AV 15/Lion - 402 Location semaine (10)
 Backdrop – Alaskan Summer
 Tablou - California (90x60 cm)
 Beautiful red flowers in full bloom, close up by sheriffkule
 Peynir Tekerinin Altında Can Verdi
****************************************
[What is being asked] Write out the entire listing so that each line matches the original exactly.

[Written answer]
AV 15/Lion - 402 Location semaine (10)
 Backdrop – Alaskan Summer
 Tablou - California (90x60 cm)
 Beautiful red flowers in full bloom, close up by sheriffkule
 Peynir Tekerinin Altında Can Verdi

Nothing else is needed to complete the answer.